Have you ever noticed how much easier it is to shuck corn after it’s cooked? This is a not-so-subtle nudge to those who insist on shucking it before buying it, a habit the Accidental Locavore heartily condemns! While many a summer childhood was spent shucking corn before it was dumped into a big pot of boiling water, in later years, I’ve learned there are almost as many ways to cook corn as there are varieties of corn.
- The traditional pot of boiling water (good for a crowd, but not my favorite method) has a few new twists, none of which I’ve personally tried, but all of which have their champions. One, recently touted on HuffPost’s Kitchen Daily (got to plug it since I’ve been posting for them!), said to bring a pot of water to a boil, add the shucked corn, bring to a boil again, and let sit until ready to serve.
- Another party-friendly twist is to put the corn (shucked), in the bottom of a cooler, pour boiling water over it, cover and let sit. This requires a cooler, the kind that can take a gallon or two of boiling water, a piece of equipment the Locavore doesn’t have.

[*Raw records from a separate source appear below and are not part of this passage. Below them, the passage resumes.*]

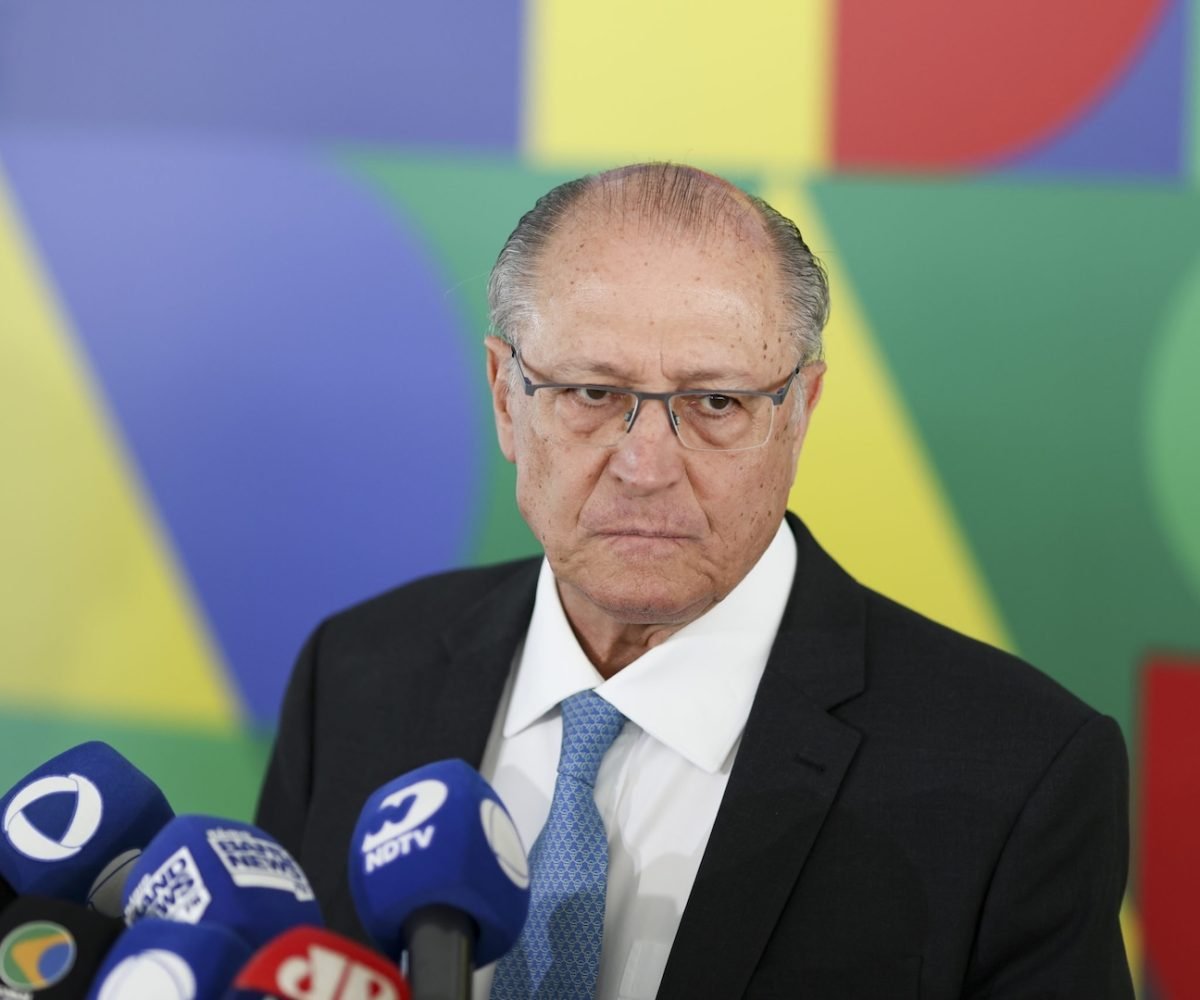 O presidente interino e ministro da Indústria, Geraldo Alckmin, disse nesta 6ª feira (21.nov.2025) em entrevista coletiva no Palácio do Planalto, que 22% da pauta exportadora brasi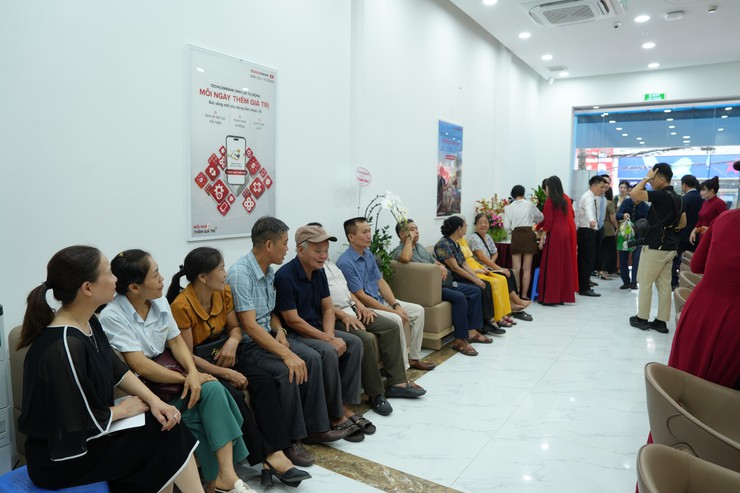 KHAI TRƯƠNG TECHCOMBANK THANH OAI – MỞ RỘNG HỆ SINH THÁI TÀI CHÍNH HIỆN ĐẠI, ĐỒNG HÀNH PHÁT TRIỂN ĐỊA PHƯƠNG- Ảnh 8.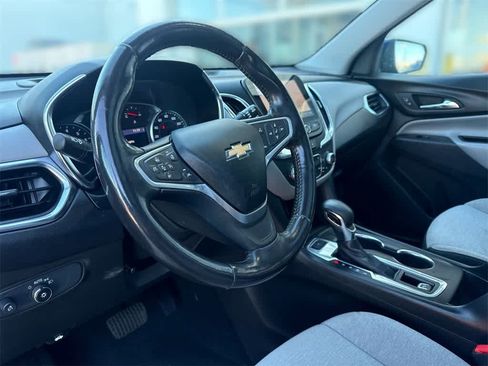 Used 2022 Chevrolet Equinox LT image 2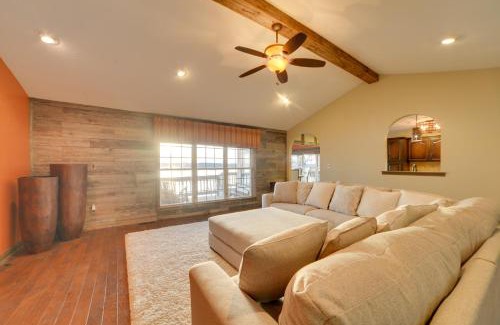 Big Sandy House | Peaceful Big Sandy Home with Deck on Kentucky Lake!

- Keeping (sort of) on the steaming/boiling trail, the next way, one of my favorites, is to cook it in the microwave. I cut the stem end of the corn close to the cob, peel off the outer layer or two of the husk, and microwave for 1-2 minutes an ear, depending on the size and number of ears and the strength of your microwave. To see if corn is cooked, peel back a little of the husk. The corn should have lost its opaque luster and the kernels should be bright and almost shiny.
- My favorite way to cook corn is simply to toss it on the grill, husk and all. We often just put it on when the grill is heating up and let it roast over on a corner, while grilling the rest of the meal. You’ll want to turn it occasionally, but not too often, as it’s better when it gets a little browned in spots.
For any of these methods, if you really want to show off, take a blow torch to the corn after it’s cooked and shucked. This is a trick I learned from my friend Kerry at Cafe Miranda. It browns the kernels, making them taste like popcorn, and will either scare or impress all of your guests! What’s your favorite way to cook corn?
Update: Last summer, sous vide corn was trending on the Internet. I tried it and thought, like sous viding hamburgers, it was a long process for a simple food that didn’t need messing with.